Notifíquese y cúmplase, Este proyecto fue estudiado y aprobado en sala de la fecha. CARMELO PERDOMO CUÉTER |SANDRA LISSET IBARRA VÉLEZ |CÉSAR PALOMINO CORTÉS | ----------------------- [1] «Artículo 35. Facultades extraordinarias. de conformidad con el numeral 10 del artículo 150 de la Constitución Política, revístese al presidente de la República de precisas facultades extraordinarias, hasta por el término de seis (6) meses contados a partir de la promulgación de la presente ley, para los siguientes efectos: 1.
Modificar las normas de carrera del personal de oficiales, suboficiales y agentes de la Policía Nacional en las siguientes materias: a) Jerarquía, clasificación y escalafón.
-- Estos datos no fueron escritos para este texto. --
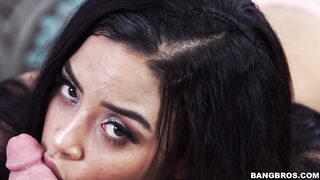 2017-03-17-9157511-maya-bijou-plays-greatly-with-the-cock_720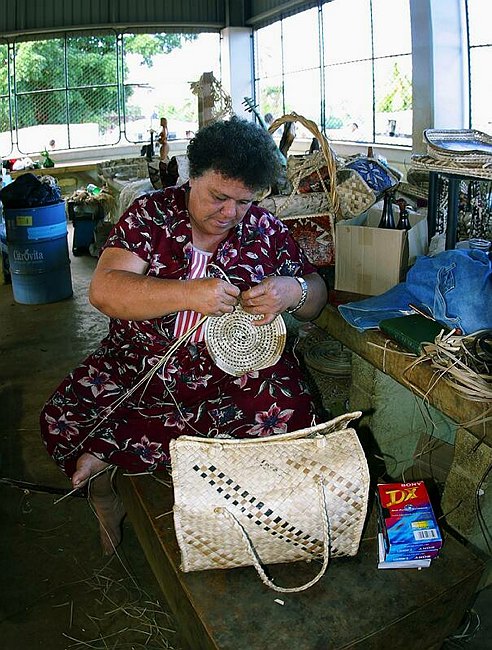 �www.outsideimages.co.nz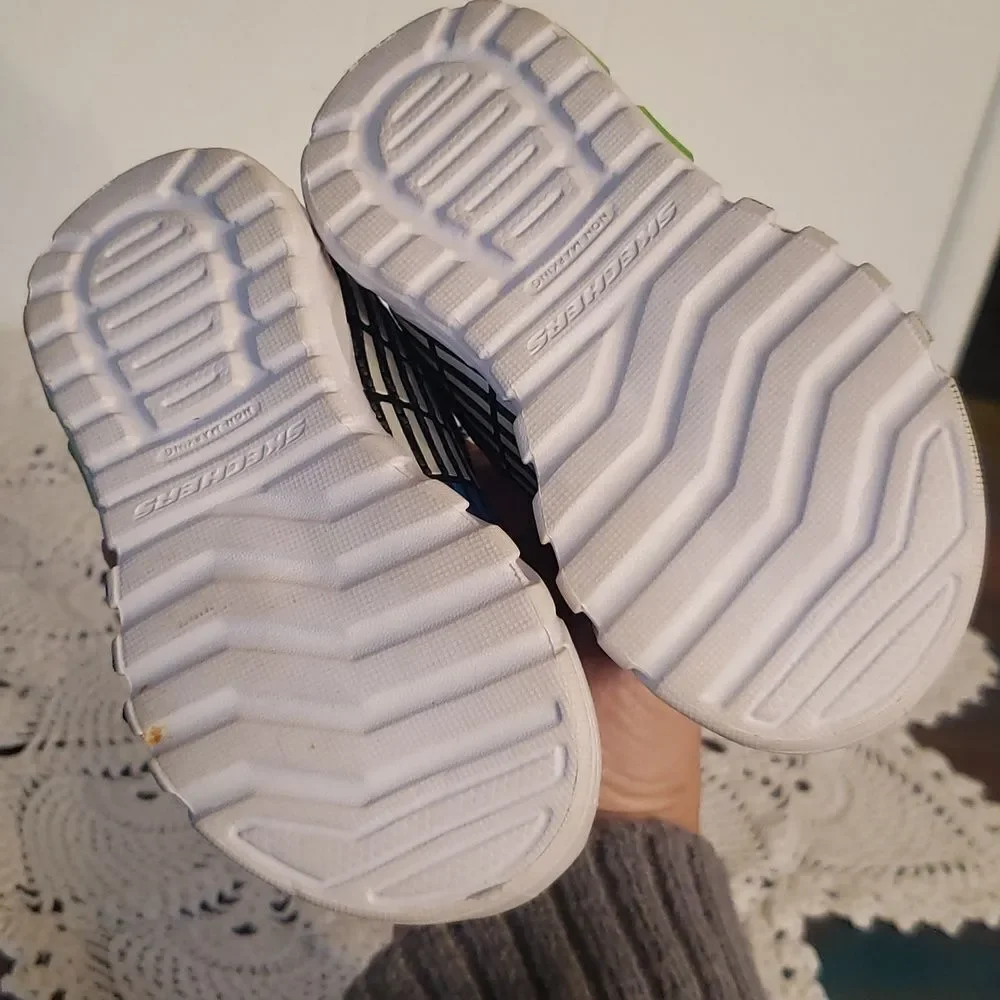 Like New Light-Up Skechers Little Boy Sneakers Sz 5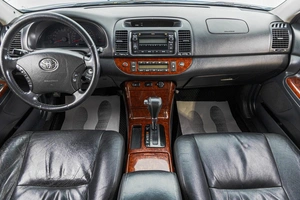 Седан Toyota Camry 2005 года, 1049000 рублей, Барнаул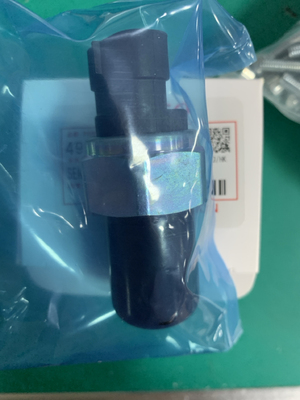6450适配重汽电装共轨压力轨压传感器499000-6160-6320-6141-6131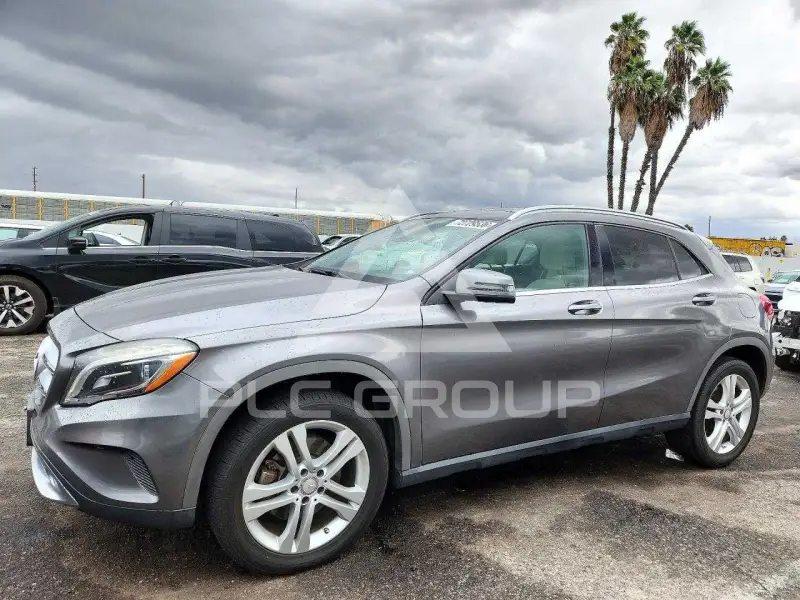 2015 Mercedes Benz GLA-Class фото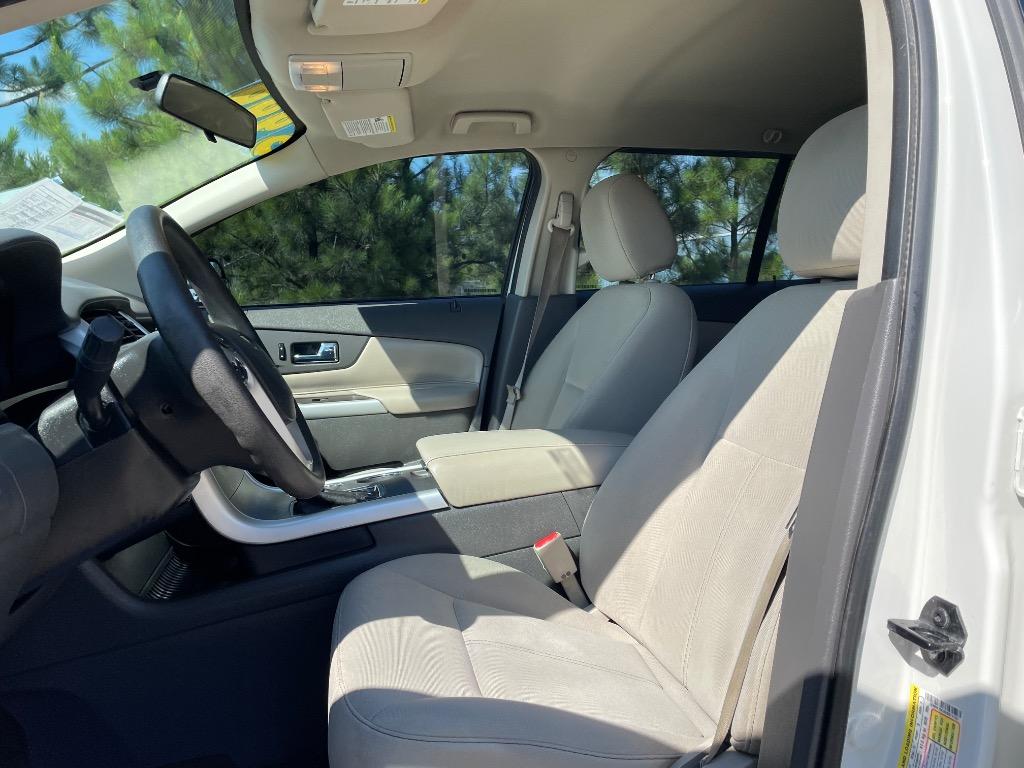 2013 Ford Edge - $5,999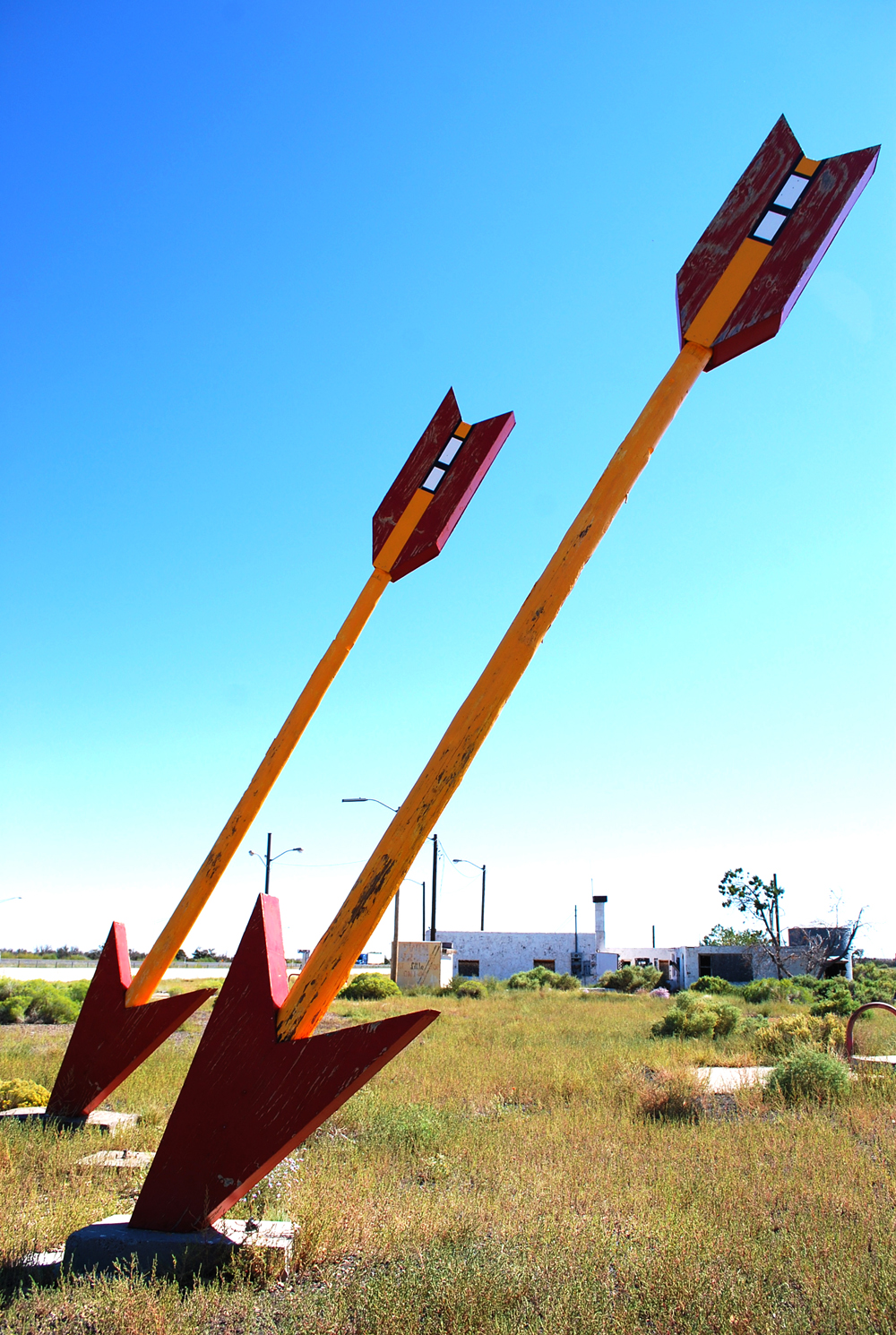 photograph of two giant arrows at Twin Arrows Trading Post
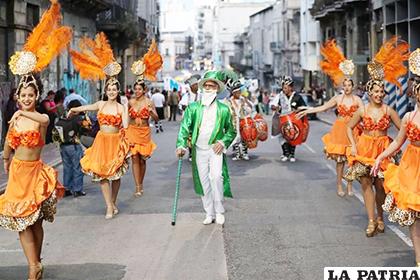 El carnaval dará inicio este jueves cuando se realice el tradicional desfile inaugural en el que desfilarán 44 conjuntos de las agrupaciones carnavalescas /EFE/Archivo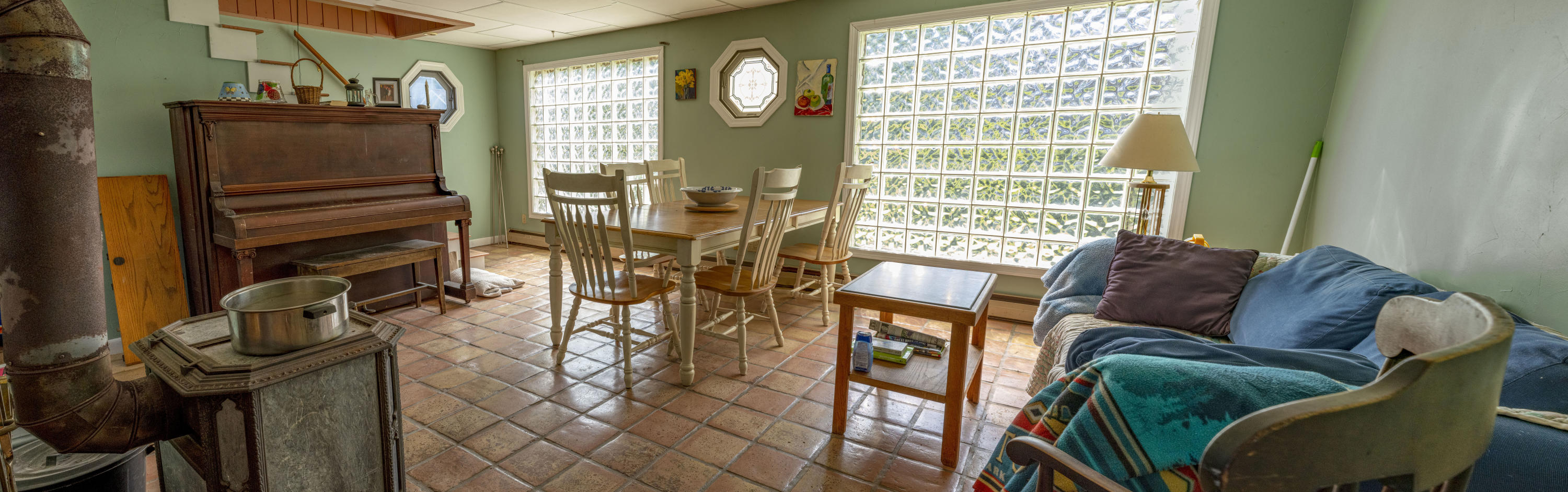 268 Harbor Road Swans Island, ME 04685 - Photo 9 of 17 Living/Dining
En cuanto a oficiales y suboficiales el Gobierno determinará los niveles jerárquicos, la clasificación y los requisitos para acceder a cada uno de ellos […]». [2] Artículo 7.º (parágrafo) de la Ley 180 de 1995. «La creación del Nivel Ejecutivo no podrá discriminar ni desmejorar, en ningún aspecto, la situación actual de quienes estando al servicio de la Policía Nacional ingresen al Nivel Ejecutivo». [3] Derogado por el artículo 95 del Decreto 1791 de 2000, «Por el cual se modifican las normas de carrera del Personal de Oficiales, Nivel Ejecutivo, Suboficiales y Agentes de la Policía Nacional». [4] Consejo de Estado, sala de lo contencioso administrativo, expediente 11001-03-25-000-2005-00237-01 (10024-05), C. P. Luis Rafael Vergara Quintero, actor: Pedro Antonio Herrera Miranda. [5] C. P. Víctor Hernando Alvarado Ardila, expediente 25000-23-25-000-2011- 00048-01 (1147-12). [6] Por la cual se había negado el reconocimiento de la compensación por muerte y pensión de sobrevivientes a unos familiares del subintendente Diego Juan Jaramillo Taborda y se había dejado en suspenso el pago de la compensación por muerte. [7] Según sentencia 119 de 10 de diciembre de 2012 del Juzgado Promiscuo de Familia de Ciudad Bolívar (Antioquia), referida en los actos administrativos acusados. [8] De conformidad con su artículo 45, el Decreto 4433 de 2004 entró en vigor a partir de la fecha de su publicación, lo que ocurrió en el diario oficial 45778 de 31 de diciembre del mismo año. [9] «En los procesos y en las actuaciones posteriores a aquellos en que haya controversia la condena en costas se sujetará a las siguientes reglas: 1.
Se condenará en costas a la parte vencida en el proceso, o a quien se le resuelva desfavorablemente el recurso de apelación, casación, queja, súplica, anulación o revisión que haya propuesto. Además, en los casos especiales previstos en este código. Además, se condenará en costas a quien se le resuelva de manera desfavorable un incidente, la formulación de excepciones previas, una solicitud de nulidad o de amparo de pobreza, sin perjuicio de lo dispuesto en relación con la temeridad o mala fe. […]». [10] «Salvo en los procesos en que se ventile un interés público, la sentencia dispondrá sobre la condena en costas, cuya liquidación y ejecución se regirán por las normas del Código de Procedimiento Civil». [11] Consejo de Estado, sala de lo contencioso administrativo, expediente 70001-23-33-000-2013-00065-01 (1908-2014), C. P. Carmelo Perdomo Cuéter, actor: Ramiro Antonio Barreto Rojas, demandada: Unidad Administrativa Especial de Gestión Pensional y Contribuciones Parafiscales de la Protección Social (UGPP).